# [Records for processing]
—————

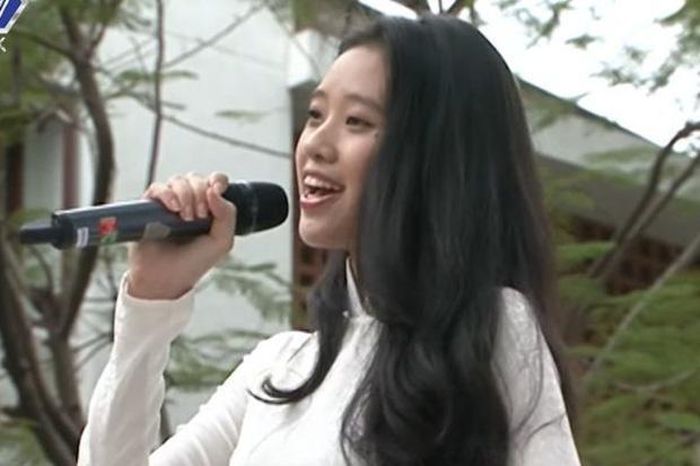 Dù ăn vận giản dị và không trang điểm nhưng thần thái hoa hậu vẫn cực kỳ rõ nét. Khuyết điểm duy nhất trên gương mặt cô nàng là hàm răng hô.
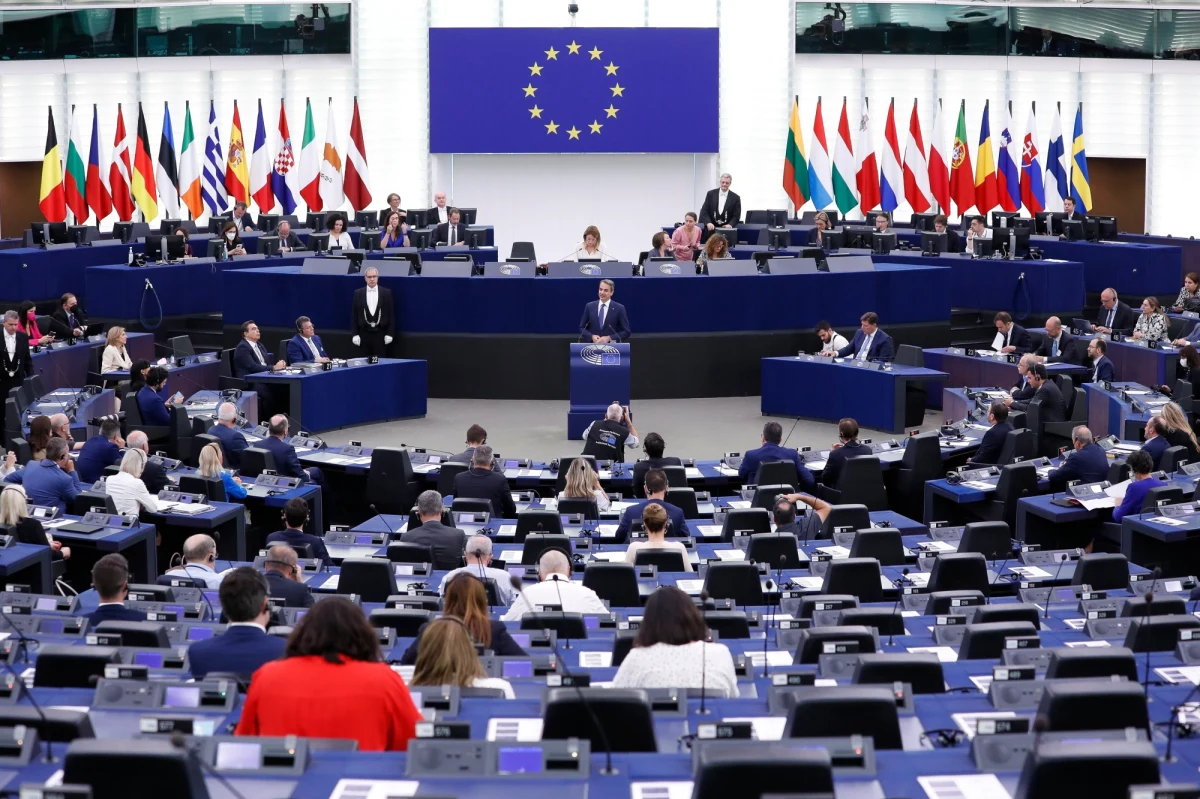 W trakcie wtorkowego posiedzenia plenarnego Parlamentu Europejskiego eurodeputowani przyjęli raport europosłanki PiS Jadwigi Wiśniewskiej dotyczący negocjacji w sprawie umowy o współpracy między UE a Interpolem. Za sprawozdaniem głosowało 607 europosłów, 13 było przeciw, a 11 wstrzymało się od głosu.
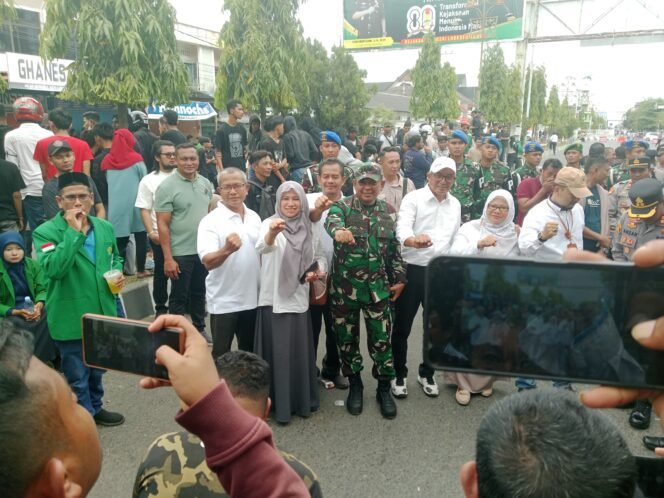 
					Mahasiswa Tiga Kampus di Lhokseumawe Gelar Demo, Suarakan Isu PBB dan Tunjangan DPR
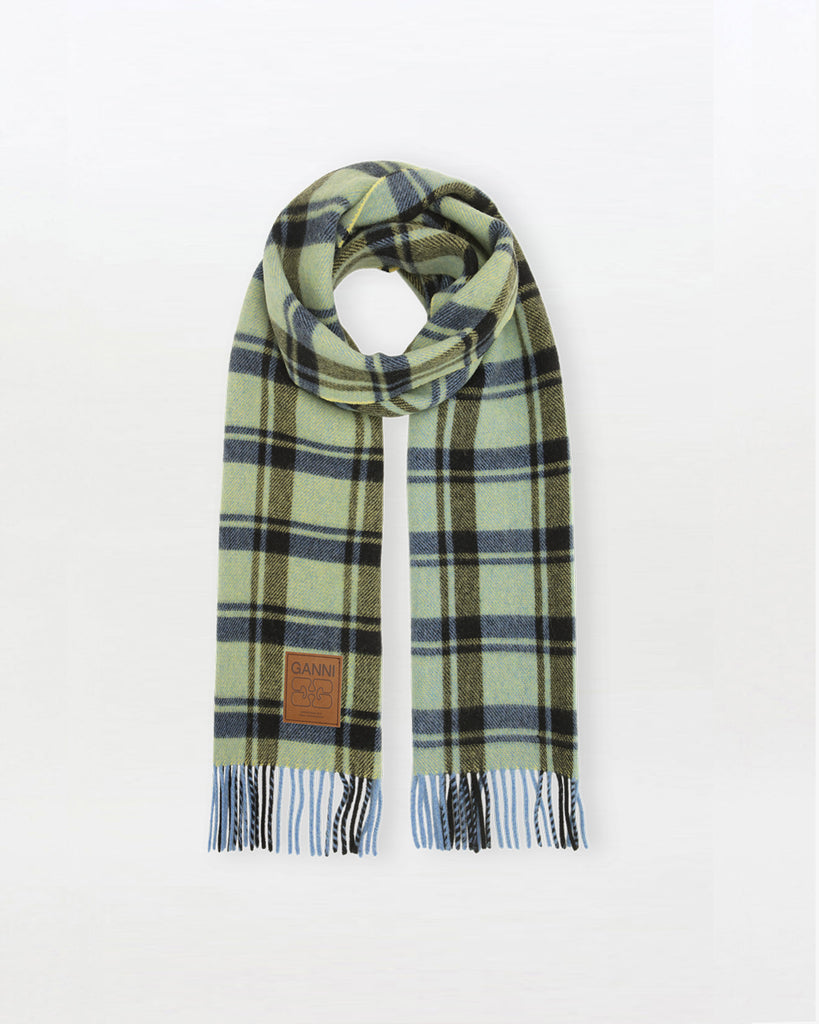 Obszerny, dwustronny, wełniany szalik 6935 GANNI Yellow Pear o szczotkowanym splocie, w kratę. Zakończony frędzlami. U dołu posiada naszywkę z logo marki. Wykonany w całości z wełny.&nbsp;
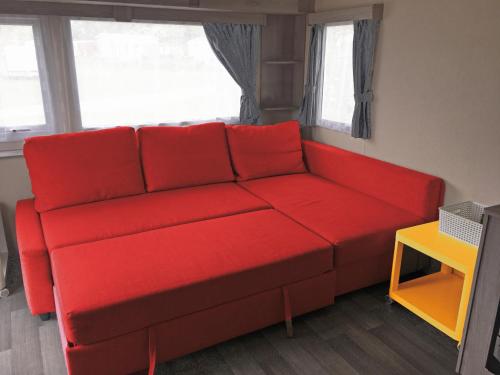 Фотография кемпинга Luxe Chalet op camping Duindoorn, IJmuiden aan Zee, in de buurt van F1 circuit Zandvoort en Bloemendaal op loopafstand strand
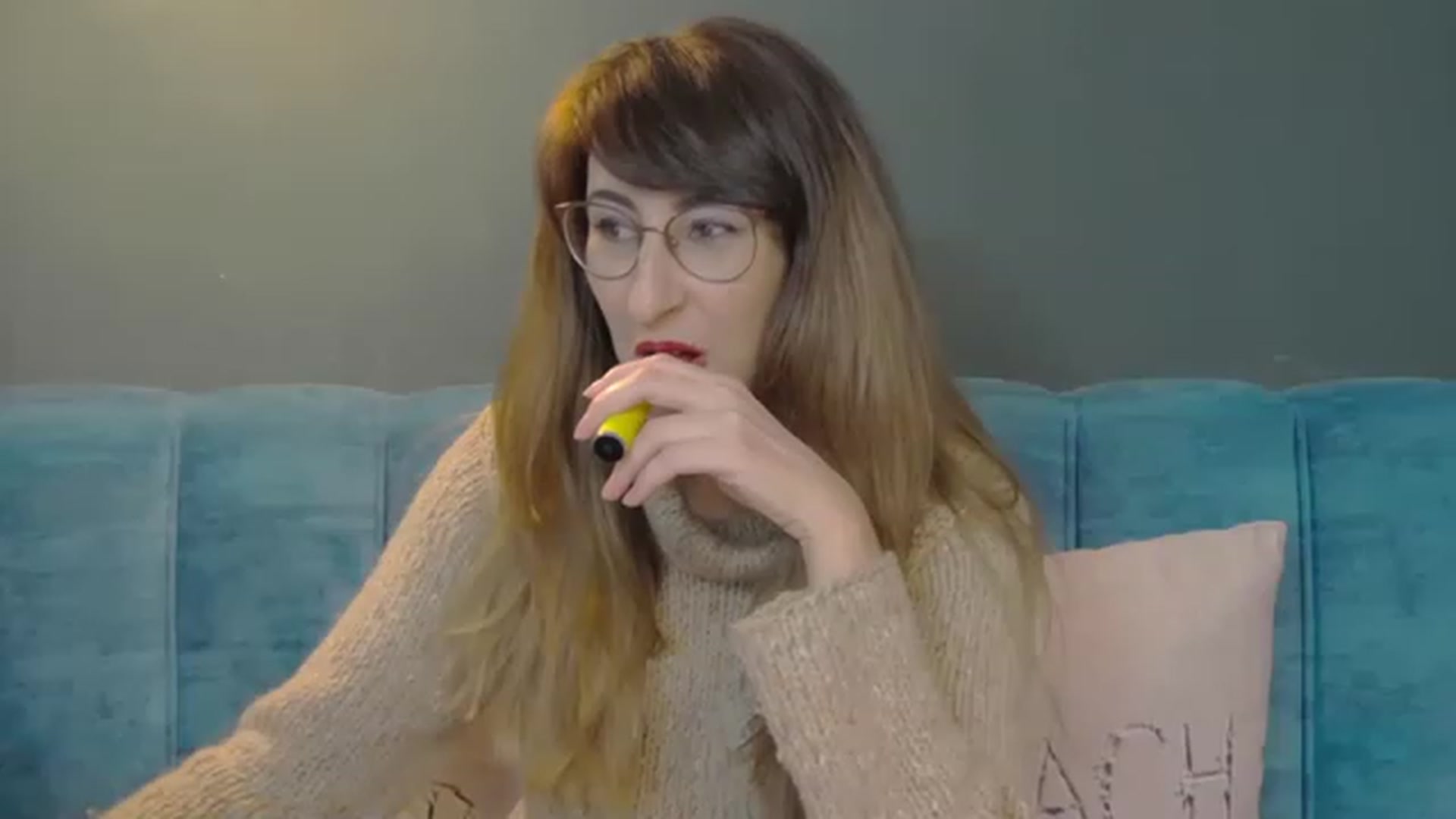 Gallery image thumbnail from LysAddiction's myfreecams stream on, 12/23/2022, 18:13 image 8 of 20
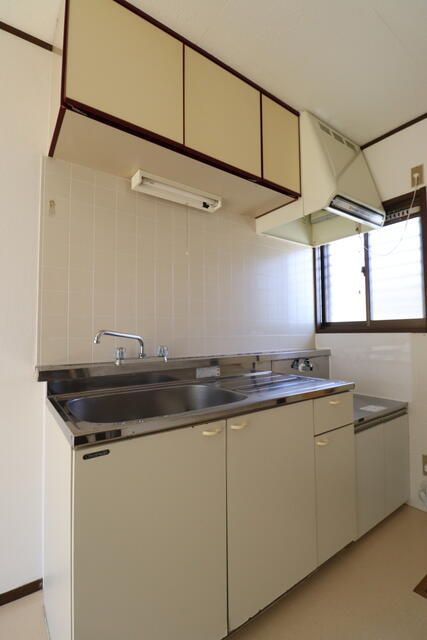 1K Apartment for Rent in Quiet Kashima, Ibaraki - 25,000 Yen - Thumbnail 3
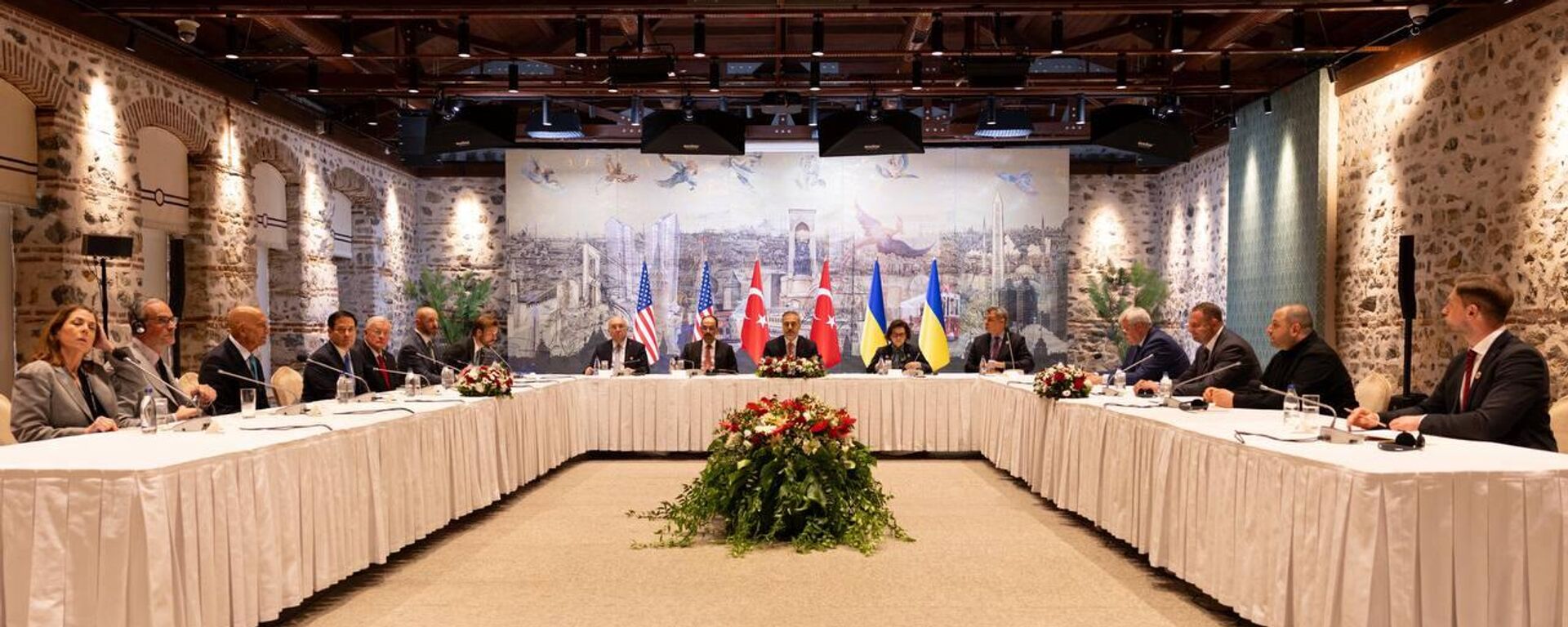 صورة لبدء المفاوضات الأمريكية التركية الأوكرانية في إسطنبول  - سبوتنيك عربي, 1920, 16.05.2025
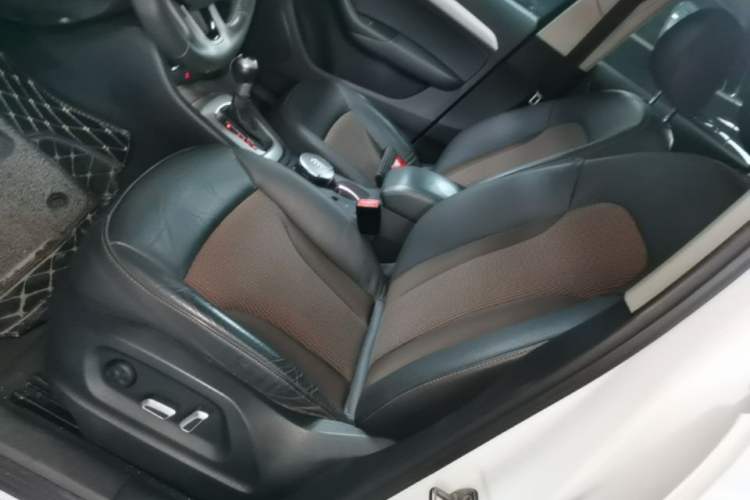 Used Audi Q3 2018 30th Anniversary Edition 30 TFSI Fashion Model Left Front Seat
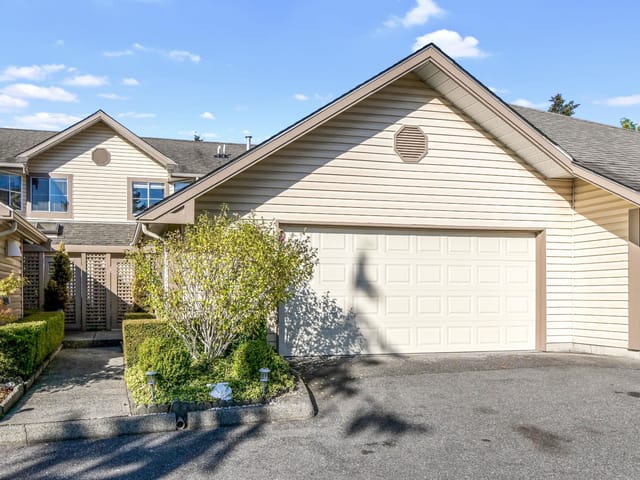 Townhouse for sale in Surrey, Cloverdale, 39 6140 192 Street, 263189636 | Realtylink.org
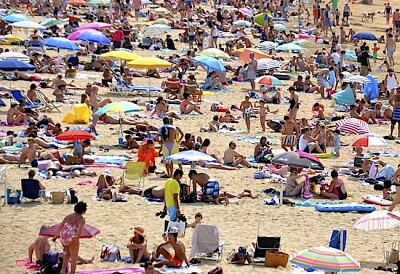 Plage bondée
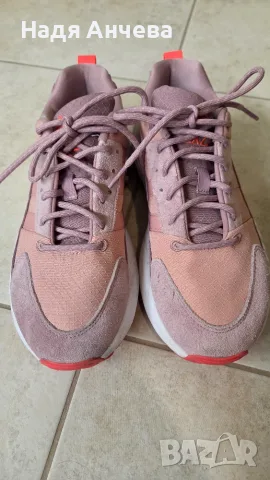 Маратонки Adidas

—————

Using the records above, print exactly the run of lines that starts with the line with "Mahasiswa Tiga Kampus" and goes on through the line with "Фотография кемпинга Luxe", pictures excluded.

					Mahasiswa Tiga Kampus di Lhokseumawe Gelar Demo, Suarakan Isu PBB dan Tunjangan DPR
 Obszerny, dwustronny, wełniany szalik 6935 GANNI Yellow Pear o szczotkowanym splocie, w kratę. Zakończony frędzlami. U dołu posiada naszywkę z logo marki. Wykonany w całości z wełny.&nbsp;
 Фотография кемпинга Luxe Chalet op camping Duindoorn, IJmuiden aan Zee, in de buurt van F1 circuit Zandvoort en Bloemendaal op loopafstand strand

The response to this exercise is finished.